「メガマウス」が千葉・館山港の海面に出現

 メガマウスが千葉県・館山港の海面に6月15日頃から複数回出現しているとのことです。https://news.tv-asahi.co.jp/news_society/articles/000219800.htm

 深海に生息するメガマウスが連日海面に姿を現したことについて、メガマウスは夜にプランクトンを求めて浅瀬に移動する習性があるとのことです。しかし、今回は日中に姿を現しています。このことについて映像をみた専門家は、傷が多く弱っている可能性を指摘していました。
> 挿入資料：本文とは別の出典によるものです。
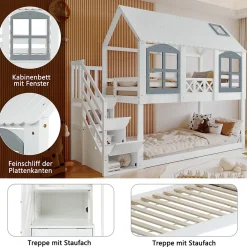 ProximaX Lit superposé enfant 90x200 cm blanc/gris en pin et MDF avec barrières de sécurité, 3 tiroirs et rangement*Enfant Lit Enfant
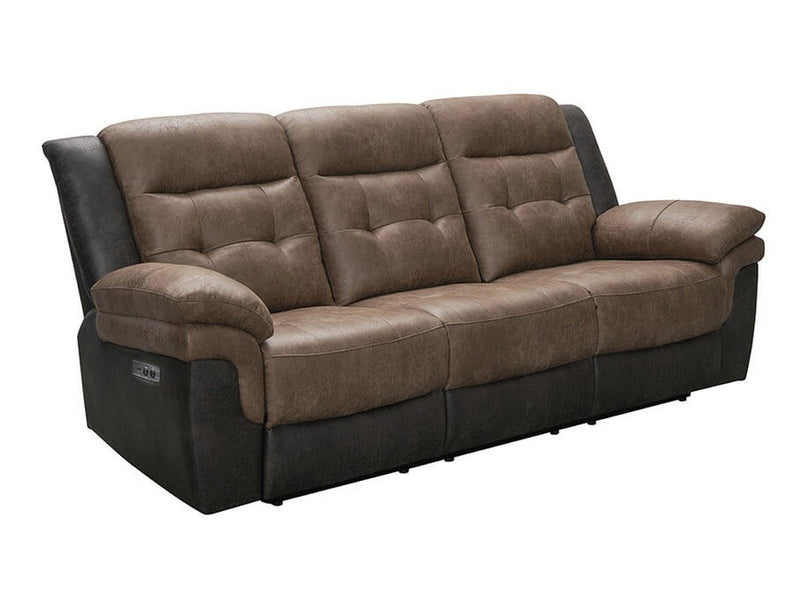 Tacoma Two-tone Fabric Power Reclining Sofa Default Title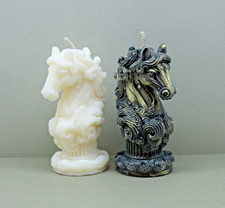 Edle Skulpturkerze – Pferdekopf aus Olivenwachs mit Baumwolldocht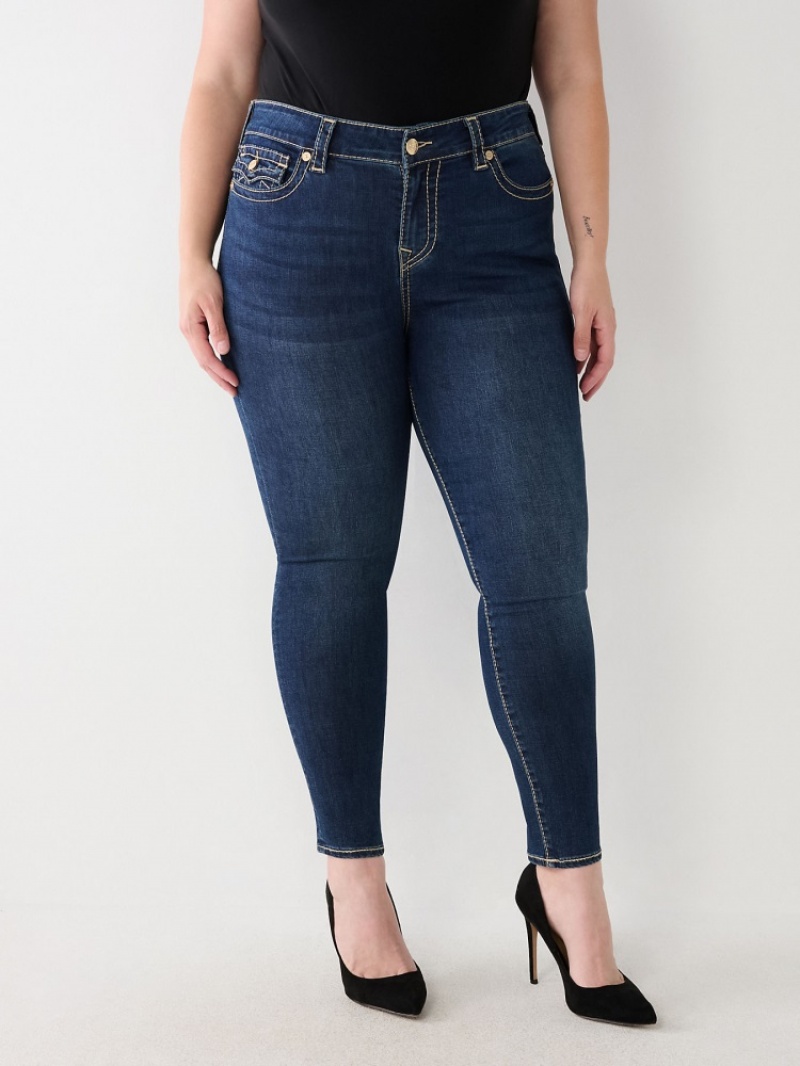 Big T & Super T Stitch True Religion Plus Halle Big T High Rise Super Mince Jean Femme Bleu Orange | QNM-42899404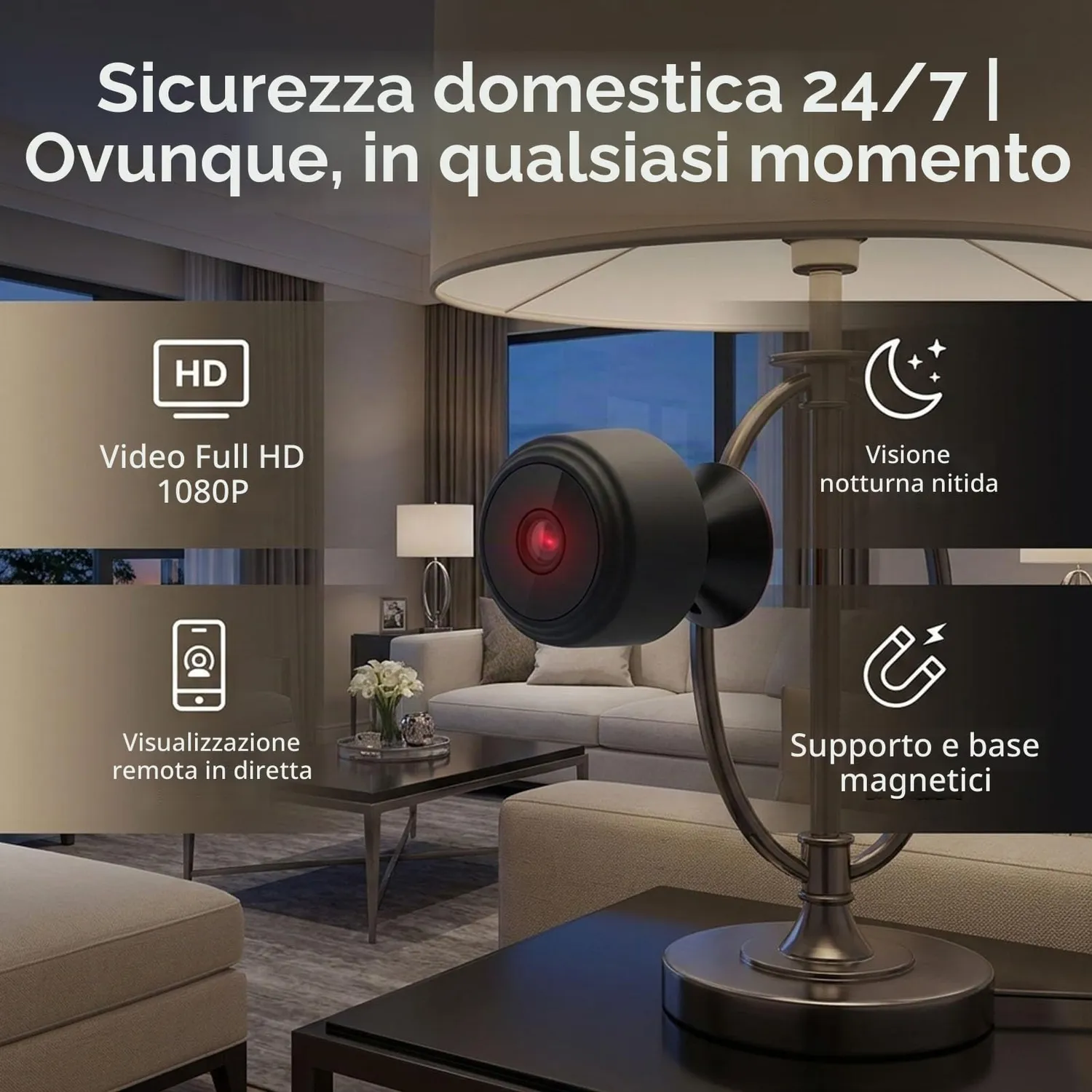 Zunate Mini Telecamera WiFi 1080P Visione Notturna 360°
 しかし、一部の人たちはメガマウス出現を地震の前兆と考えているようです。

 この件については、以前大学の講義で情報リテラシーの問題として取り上げたことがあります。メガマウス出現と、その後に発生した地震を列挙したWebサイトの情報から何が読み取れるか?といった問いです。例えば、このWebサイトでは、マグニチュード4の小さい地震を関連づけたり、三重県のメガマウス出現を、遠く離れた東北地方太平洋沖地震や熊本地震と関連づけたりしていました。また、メガマウス出現から地震発生までの間隔も1日後から約2ヶ月後までと、かなりの幅をもたせています。

 日本周辺でマグニチュード4以上の地震は、年間で900個程度(1日に2個以上)発生しています(2001〜2010の気象庁データより)。また、遠くの地震と関連づけていることについては、もっと震源に近い場所で過去にメガマウスの出現があったにも関わらず、なぜこのときは出現していないのか?といった疑問が生じます。小さな地震だけでなく、場所的にも時間的にも遠く離れたものまでOKにすれば、対象の地震はかなり増えます。

 このWebサイトのような関連づけのやり方は、単に対象となる地震を探してきたに過ぎません。

 さらに忘れていけないことは、小さな地震も遠く離れた地震も対象とするなら、関連づけされた「当たり」の地震の裏には、その何十倍、何百倍もの「はずれ」の地震があるということです。 

 私たち人間は、一般的に予言や予測などについて「当たり」のみに注目を向けてしまう傾向があります。占いや予言を信じてしまう心理です。しかし、それが本当に役に立つ情報なのか?といった視点で考えれば、たいていの予言や予測の「当たり」の裏には、その何倍もの「はずれ」があることに気づくでしょう。